### [Exercise directions]
Set down every record below exactly as it appears, but without the pictures.

### [Data to process]
• • • • • • •
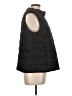 Gap 100% Recycled Polyester Black Vest Size L - photo 4
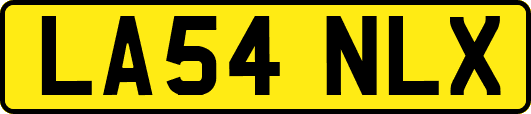 LA54NLX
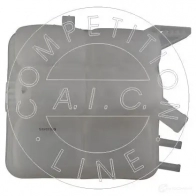 Расширительный бачок A.I.C. COMPETITION LINE 56324set HENJ BBE 1437255138 - Изображение 4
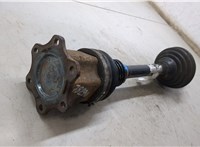 1K0407271NT Полуось (приводной вал, шрус) Volkswagen Passat 6 2005-2010 20276231 #5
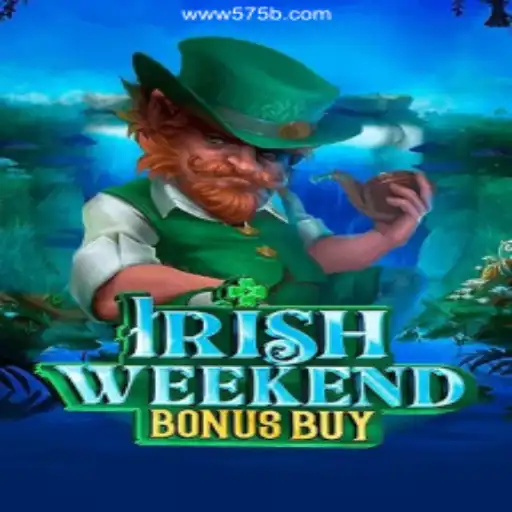 Exploring IrishWeekendBonusBuy: The Game Everyone Is Talking About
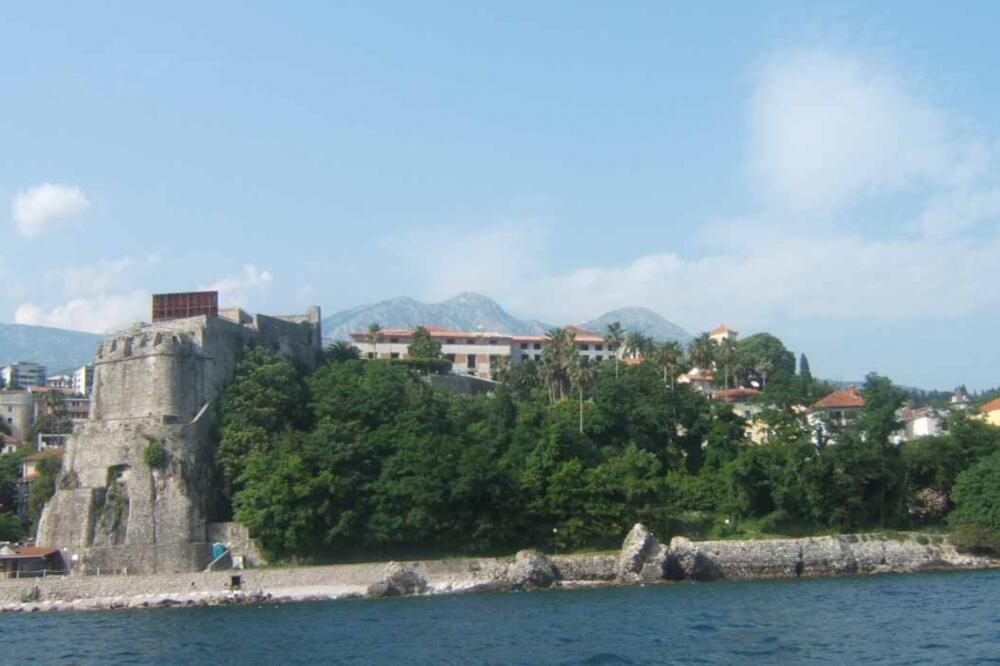 Forte mare, Foto: Arhiva Vijesti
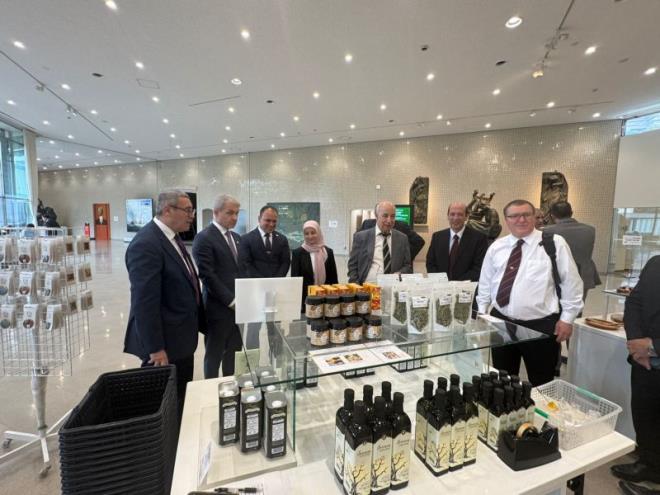 متحف "طوكيو فوجي للفنون" يحتضن تظاهرة "تونس مسارات في التبادل الثقافي مع العالم"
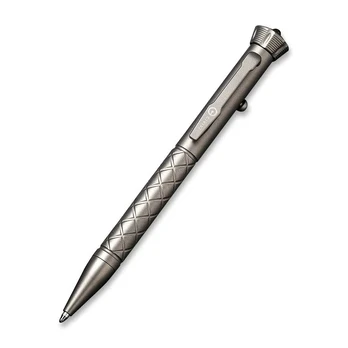 No Name Tactical Pen CIVIVI Coronet Titanium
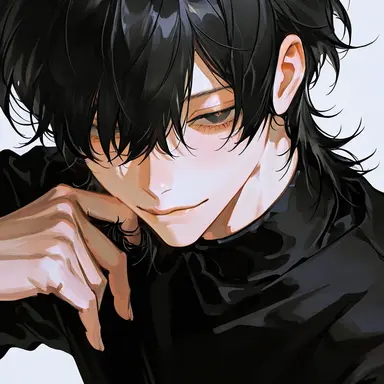 Profile image of 夜嶺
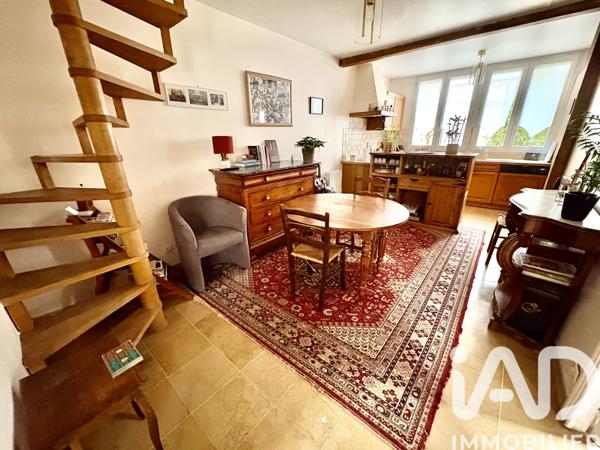 Maison à vendre 4 pièces 76 m² Sartrouville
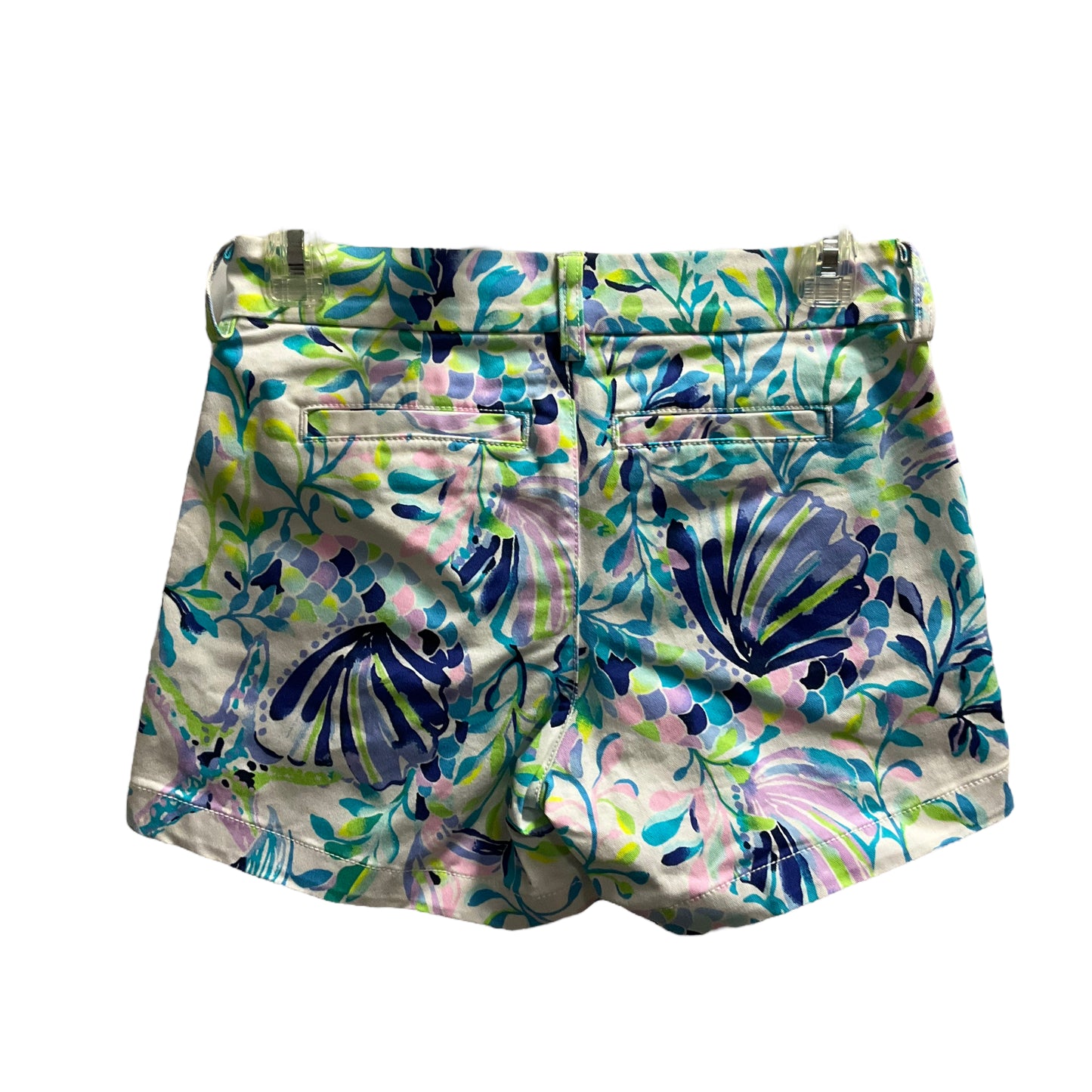 Shorts By Lilly Pulitzer  Size: 0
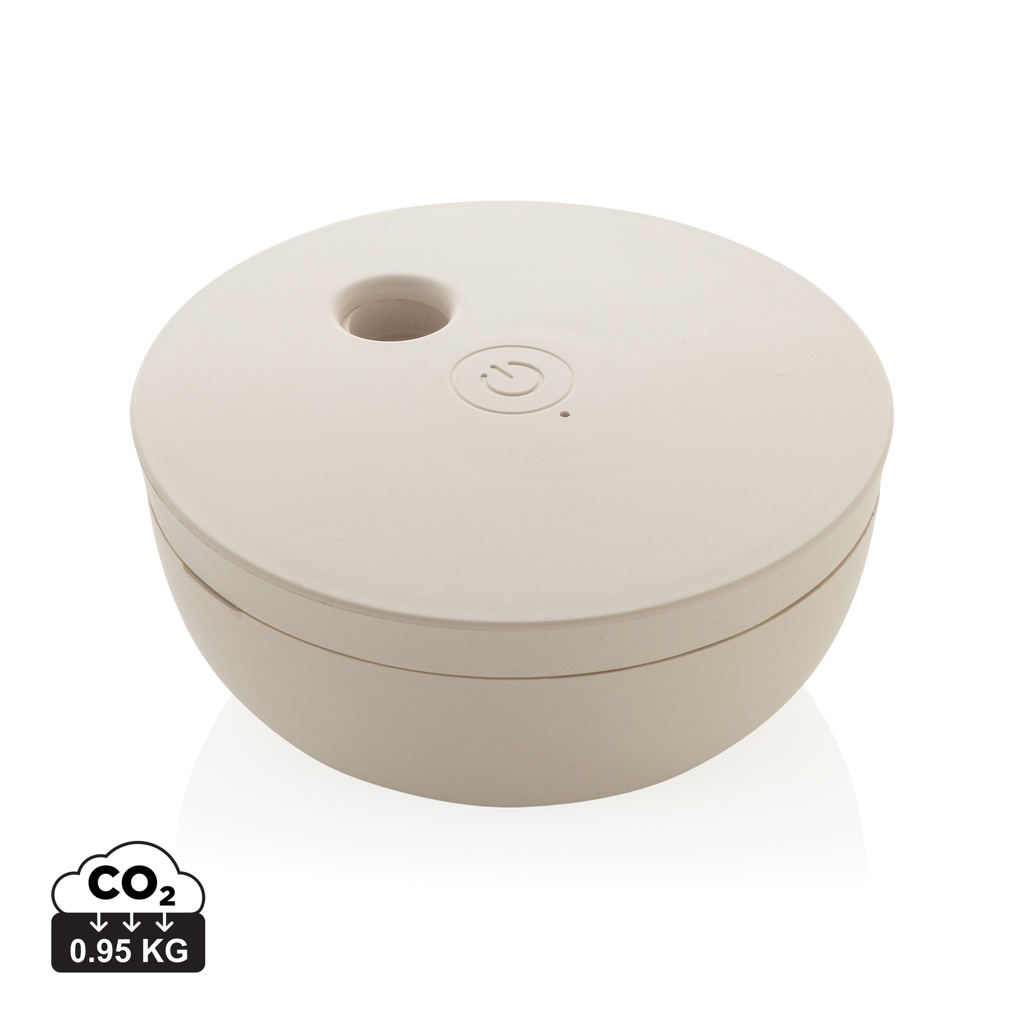Humidificador Flotante Recargable EcoBreeze - Ólvena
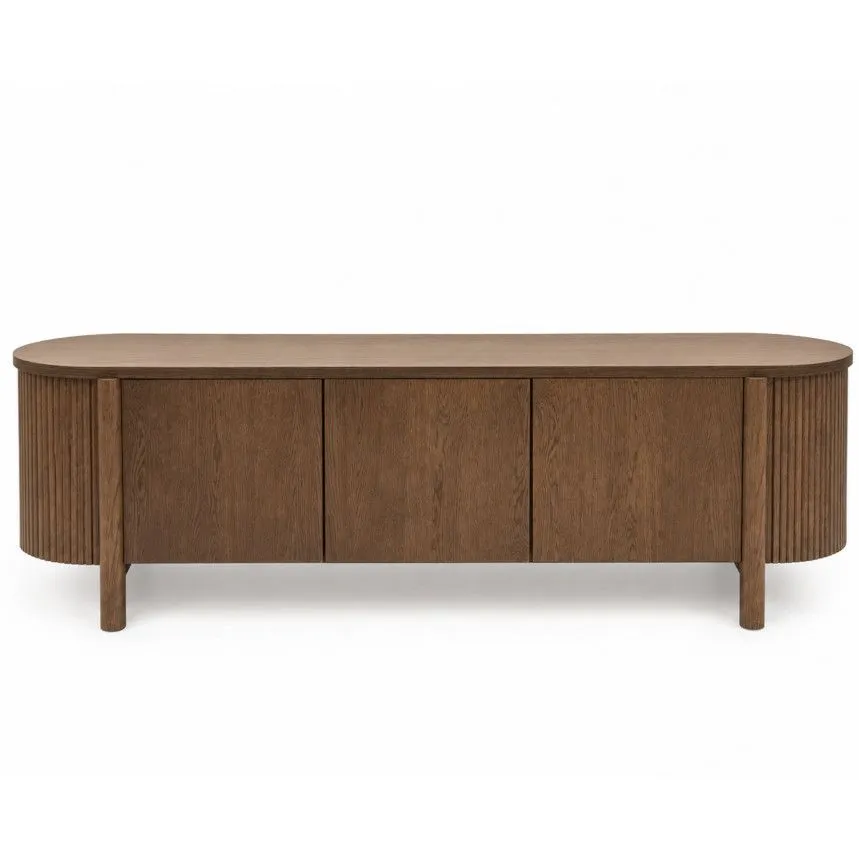 Tv-alus Fergon 180 suitsune tamm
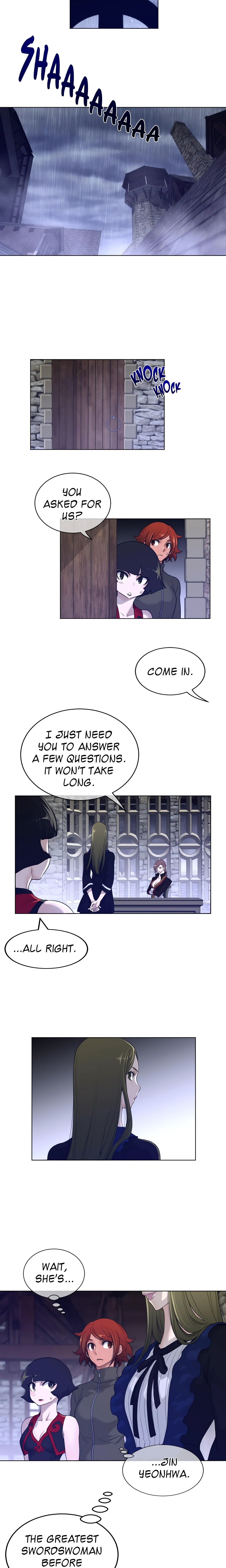 Perfect Half Page 8 - MangaHe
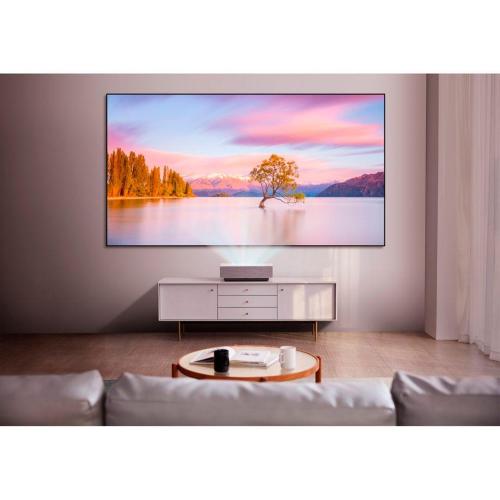 LG CINEBEAM HU715QW MOD. HU715QW.AEU EAN 8806091567703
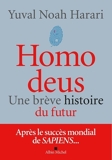 Homo deus - Format ePub - 9782226425676 - 16,99 €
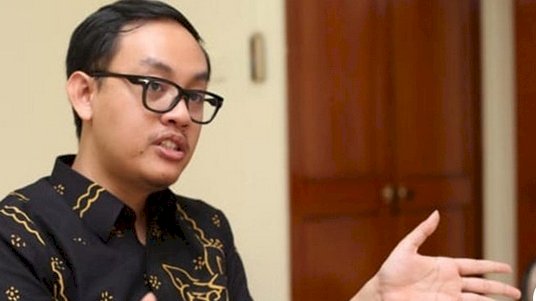 Direktur Center of Economic and Law Studies (CELIOS) Bhima Yudhistira/Net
• • • • • • •
### [Solution]
 Gap 100% Recycled Polyester Black Vest Size L - photo 4
 LA54NLX
 Расширительный бачок A.I.C. COMPETITION LINE 56324set HENJ BBE 1437255138 - Изображение 4
 1K0407271NT Полуось (приводной вал, шрус) Volkswagen Passat 6 2005-2010 20276231 #5
 Exploring IrishWeekendBonusBuy: The Game Everyone Is Talking About
 Forte mare, Foto: Arhiva Vijesti
 متحف "طوكيو فوجي للفنون" يحتضن تظاهرة "تونس مسارات في التبادل الثقافي مع العالم"
 No Name Tactical Pen CIVIVI Coronet Titanium
 Profile image of 夜嶺
 Maison à vendre 4 pièces 76 m² Sartrouville
 Shorts By Lilly Pulitzer  Size: 0
Humidificador Flotante Recargable EcoBreeze - Ólvena
 Tv-alus Fergon 180 suitsune tamm
 Perfect Half Page 8 - MangaHe
 LG CINEBEAM HU715QW MOD. HU715QW.AEU EAN 8806091567703
 Homo deus - Format ePub - 9782226425676 - 16,99 €
 Direktur Center of Economic and Law Studies (CELIOS) Bhima Yudhistira/Net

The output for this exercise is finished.